*** Opening Data shown ***
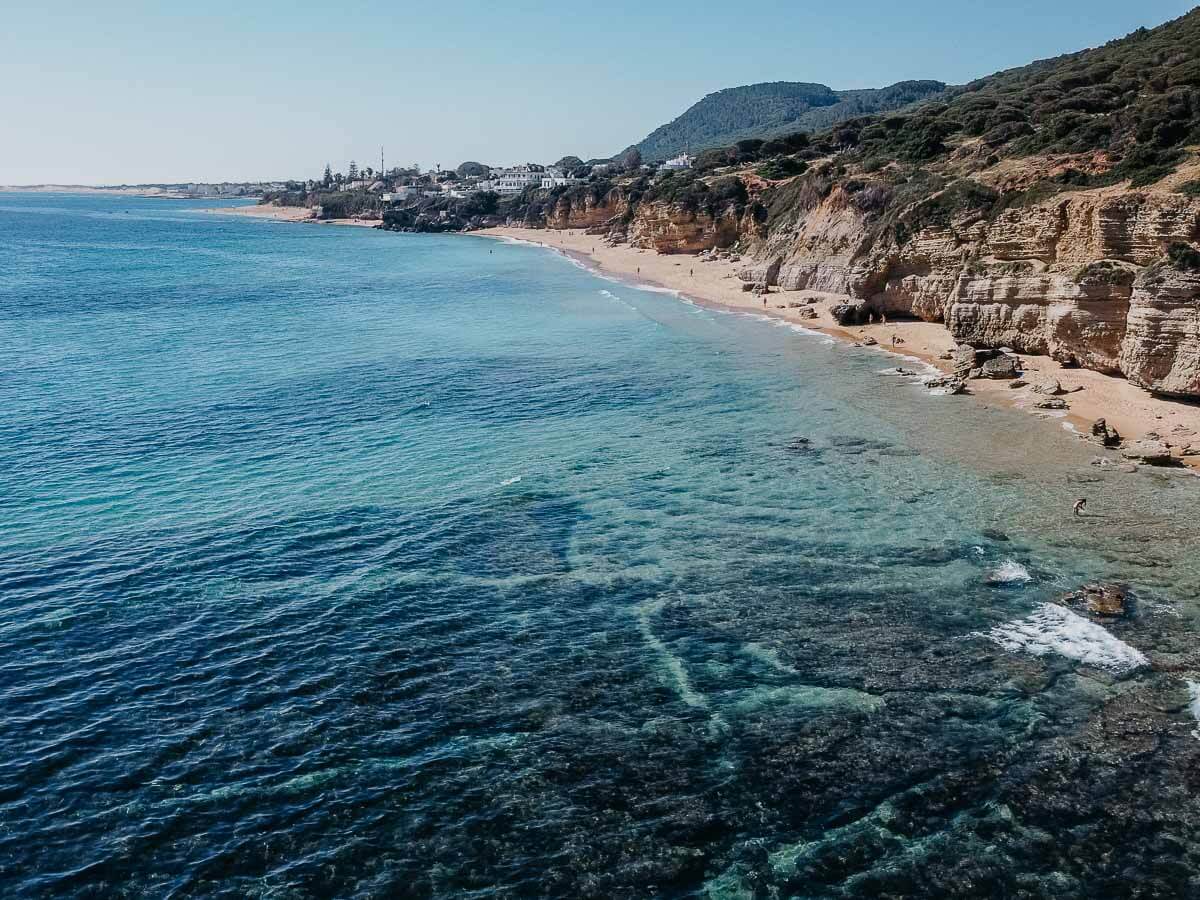 An aerial view of Caños de Meca, highlighting its stunning natural setting with dramatic cliffs, clear and blue waters.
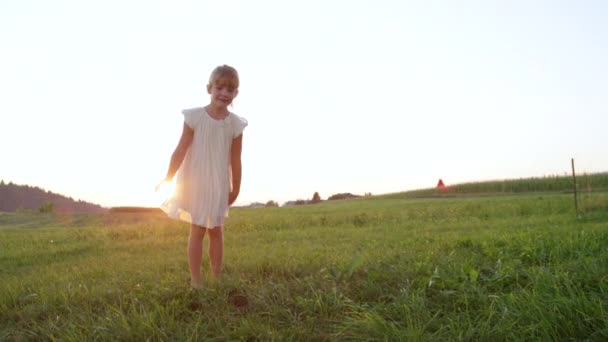 スローモーションクローズアップ白いドレスで愚かな小さな女の子は 午後遅くに屋外で楽しみを持っています 日没時に草原で遊んで夏を楽しんでいるグーフィーの子供 興奮した妹が元気に拍手 — ストック動画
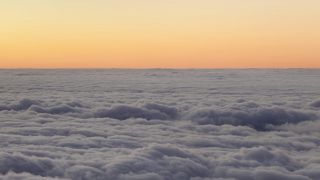 A view of the clouds from an airplane at sunset, creating a sparse and captivating soundscape.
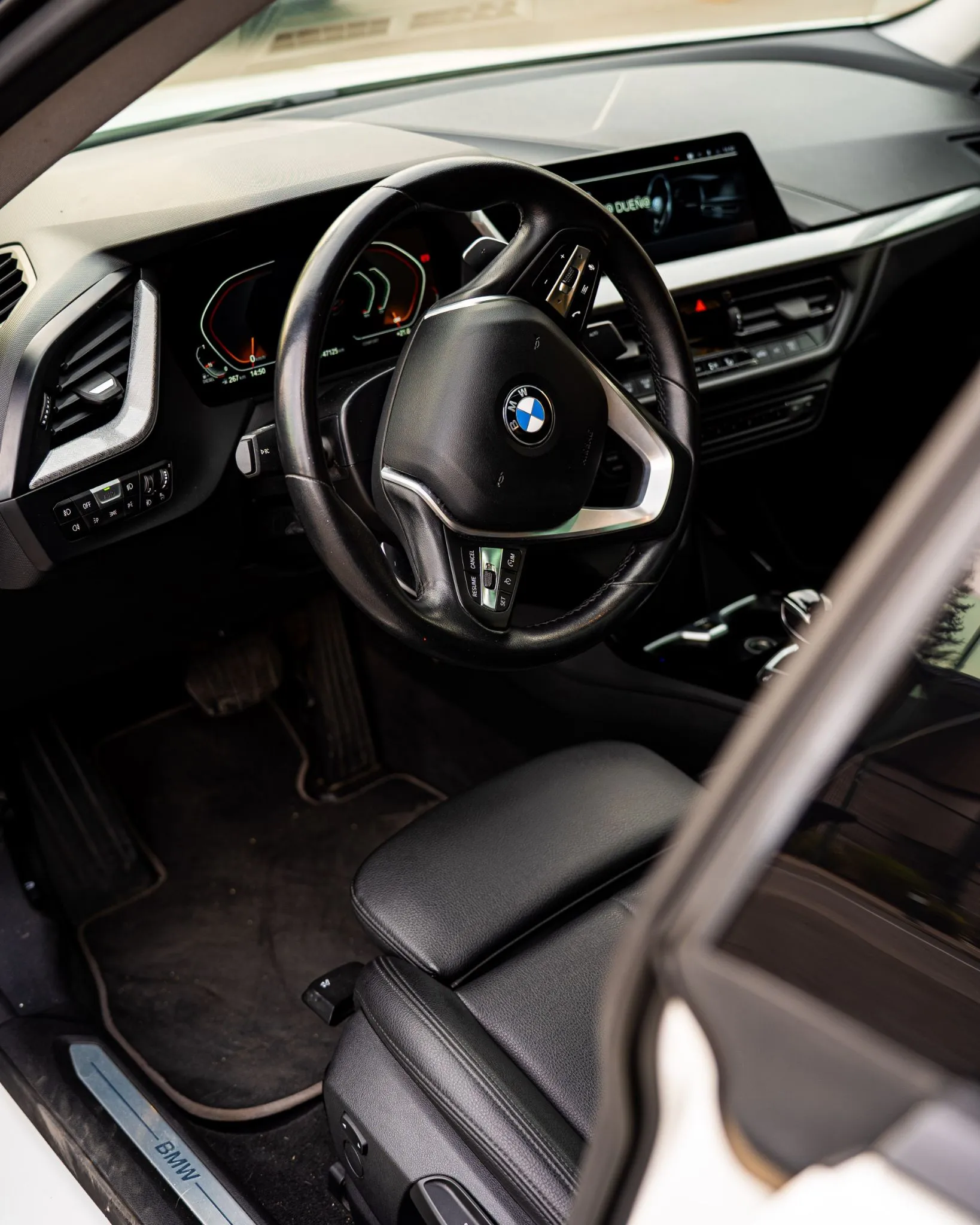 Interior del BMW 220d con volante, tablero digital, pantalla central y asiento delantero negro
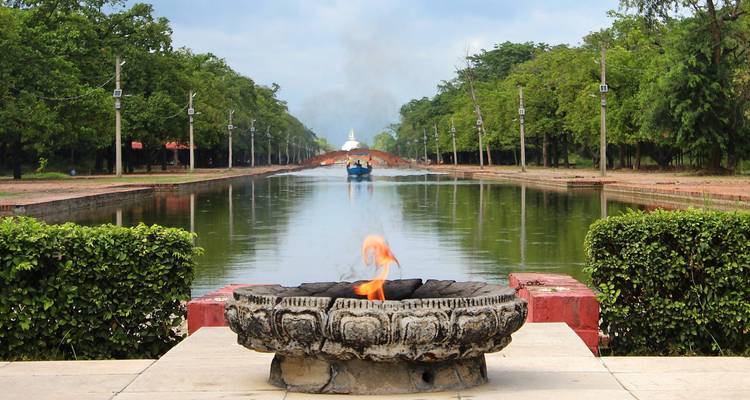 A sacred flame burning by a reflective pond with a distant stupa.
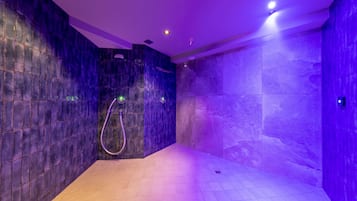 Experience a sleek, contemporary bathroom with a minimalist design, featuring a curved showerhead and recessed lighting.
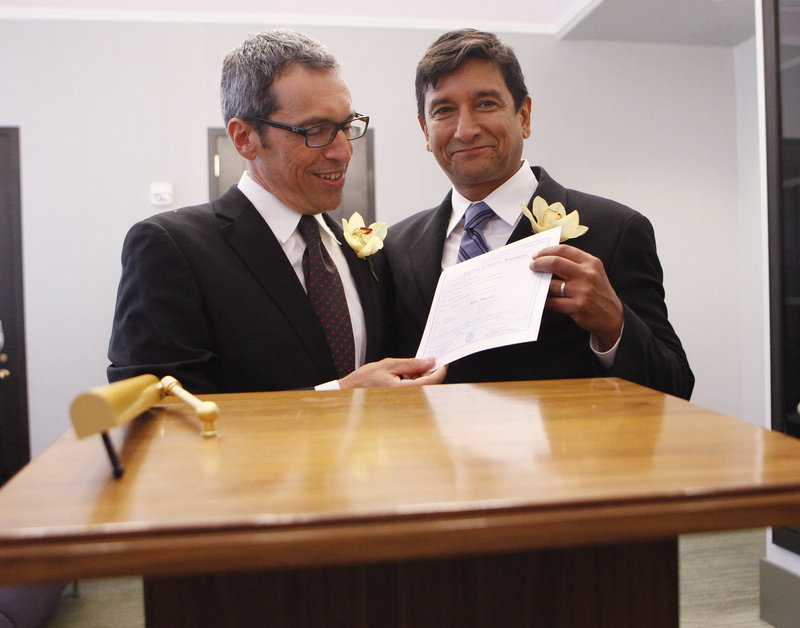 When New York’s same-sex law went into effect in July 2011, hundreds of couples legally tied the knot, including Daniel Hernandez, right, and Nevin Cohen, shown holding their wedding certificate in New York City. Increasingly, courts and legislatures are saying same-sex couples shouldn’t be treated differently than opposite-sex couples.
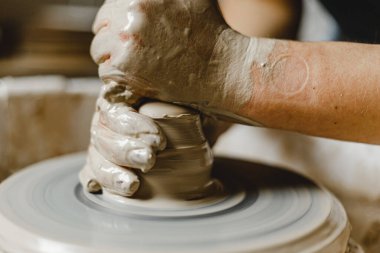 Kadın elleri kil tabaklarını şekillendirir.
*** Closing Data shown ***
▸ **Problem details**:
Whenever you reach a picture, pass over it; print all the other material exactly.

▸ **Reply**:
 An aerial view of Caños de Meca, highlighting its stunning natural setting with dramatic cliffs, clear and blue waters.
 スローモーションクローズアップ白いドレスで愚かな小さな女の子は 午後遅くに屋外で楽しみを持っています 日没時に草原で遊んで夏を楽しんでいるグーフィーの子供 興奮した妹が元気に拍手 — ストック動画
 A view of the clouds from an airplane at sunset, creating a sparse and captivating soundscape.
 Interior del BMW 220d con volante, tablero digital, pantalla central y asiento delantero negro
 A sacred flame burning by a reflective pond with a distant stupa.
 Experience a sleek, contemporary bathroom with a minimalist design, featuring a curved showerhead and recessed lighting.
 When New York’s same-sex law went into effect in July 2011, hundreds of couples legally tied the knot, including Daniel Hernandez, right, and Nevin Cohen, shown holding their wedding certificate in New York City. Increasingly, courts and legislatures are saying same-sex couples shouldn’t be treated differently than opposite-sex couples.
 Kadın elleri kil tabaklarını şekillendirir.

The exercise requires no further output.